Spam Processing Setup
Note: this documentation is fairly old, and is slightly out-of-date. For instance, I no longer run my own mail server. However, the general strategy described below is still accurate.
Background
Due to mailing list traffic, I get a lot of mail in a day. I get even more spam than legitimate mail, on the order of hundreds to thousands of unsolicited mails per day. This gets really difficult to manage, especially when you consider that I need to pay attention to at least some of my unsolicited mails, in order to adequately support my Debian and Cedar Solutions users.

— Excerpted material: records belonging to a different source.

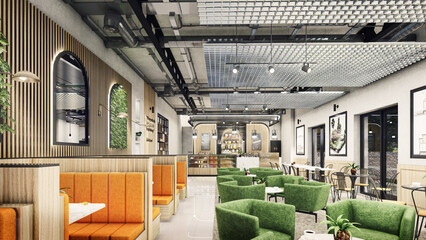 Concept design of modern Restaurant lounge bar "Train Station" 3D Rendering, 3D Illustration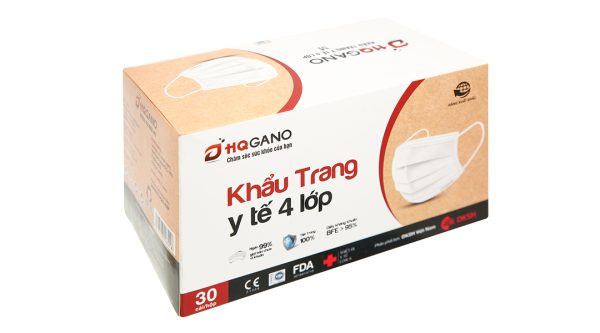 Khẩu trang y tế HQGano 4 lớp màu trắng hộp 30 cái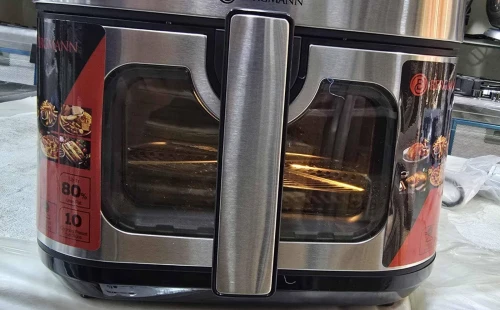 Friteuse Air Fryer Sans Huile Bergmann 8L 2200W Façade En Inox Double Resistance - مقلاة هوائية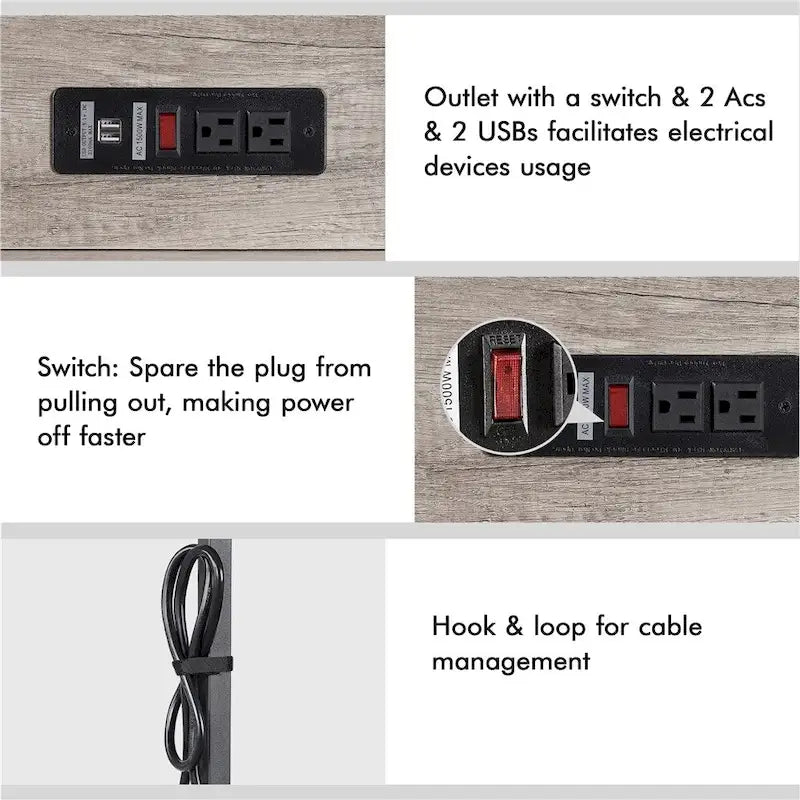 Bureau d'ordinateur Yaheetech de 47,5 pouces pour la maison, avec prise électrique et étagère surélevée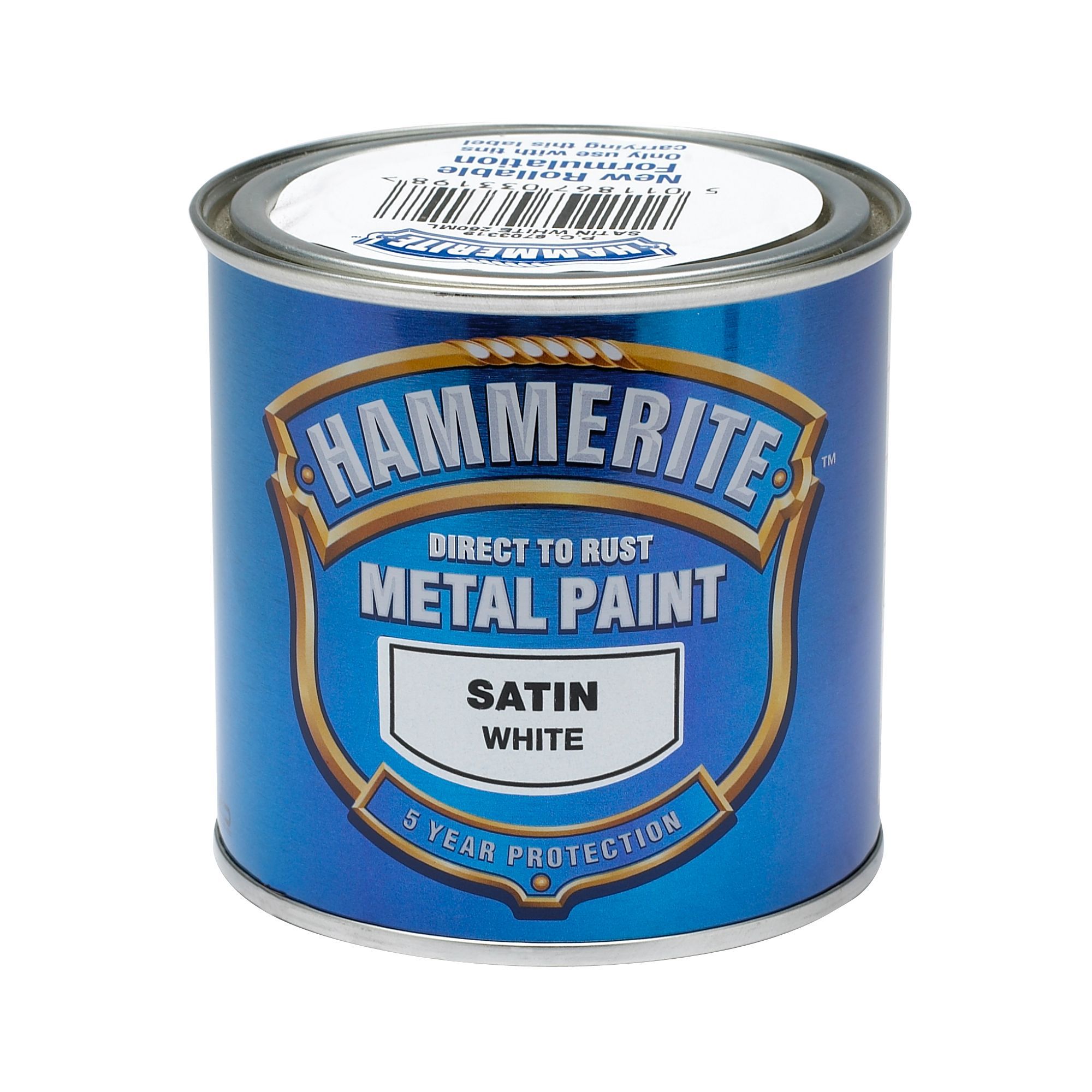 Hammerite White Satin Metal Paint 250ml Tradepoint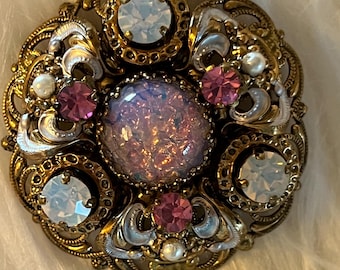 Vintage Dragon's Breath Glass Brooch: Rhinestone & Faux Pearl, West Germany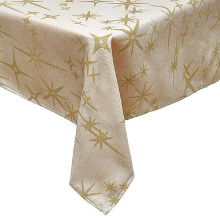 Feeric lights & Christmas Tafelkleed   beige   sterren opdruk   140 x 360 cm   rechthoekig   tafellaken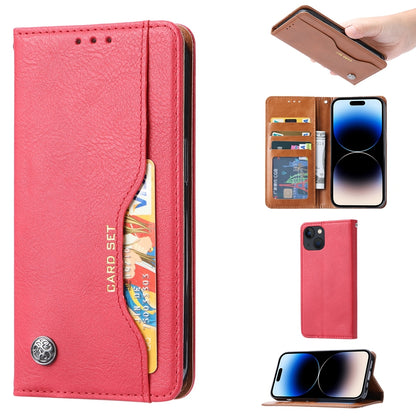 ELECTROPRIME For iPhone 15 Knead Skin Texture Flip Leather Phone Case(Red)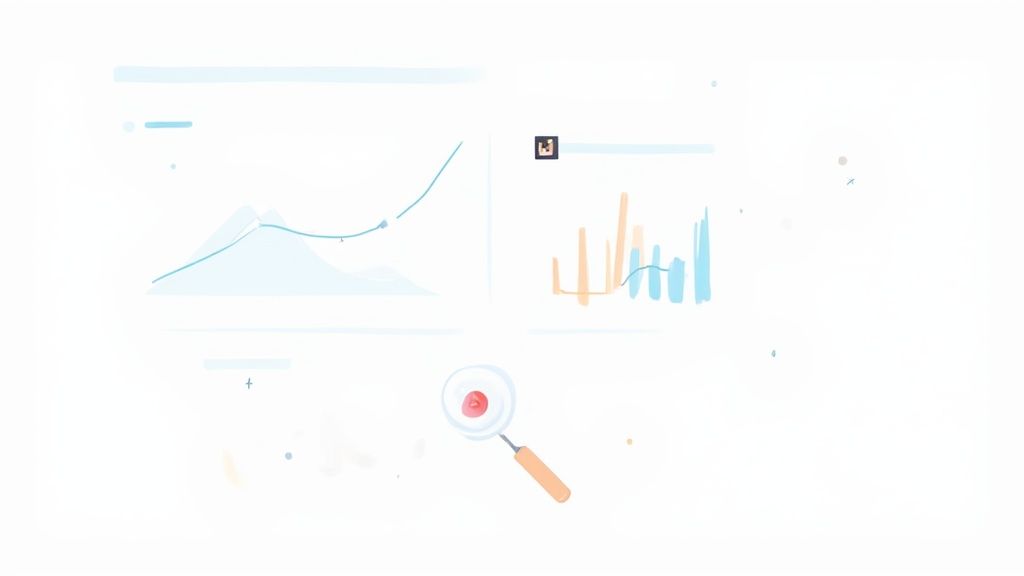 Visualizing business data with line graphs, bar charts, and a magnifying glass for analysis.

Over the course of the past few years, I've come up with a setup that works fairly well for me. It's kind of complicated, but it does a good job of helping me balance the competing goals of minimizing time spent dealing with email while maximizing the chance that legitimate email gets dealt with properly. I doubt anyone will want to copy my setup directly, but knowing how it works might be useful to people looking for ideas.
Summary of my Setup
All of my mail is received on and sent from a Debian GNU/Linux box, specifically from daystrom. Daystrom acts as its own SMTP server (accepting SMTP traffic directly on port 25) but sends most mail through my ISP's SMTP server. (Almost no one accepts mail directly from an SMTP server with a dynamic IP address any more.) Daystrom's MTA (mail transfer agent) is Exim 3, installed through Debian's exim package. I really should move to Exim 4, but I'm lazy and loathe to change something that's not broken.
On daystrom, I use mutt for my MUA (mail user agent). I also use gmail, and some mail (discussed more below) is forwarded from daystrom to gmail.
Mutt is a terminal-based mail client. It isn't as "pretty" as other mail clients, but does a better job of meeting my needs than anything else I've ever used. Mutt is extremely flexible and easy to customize.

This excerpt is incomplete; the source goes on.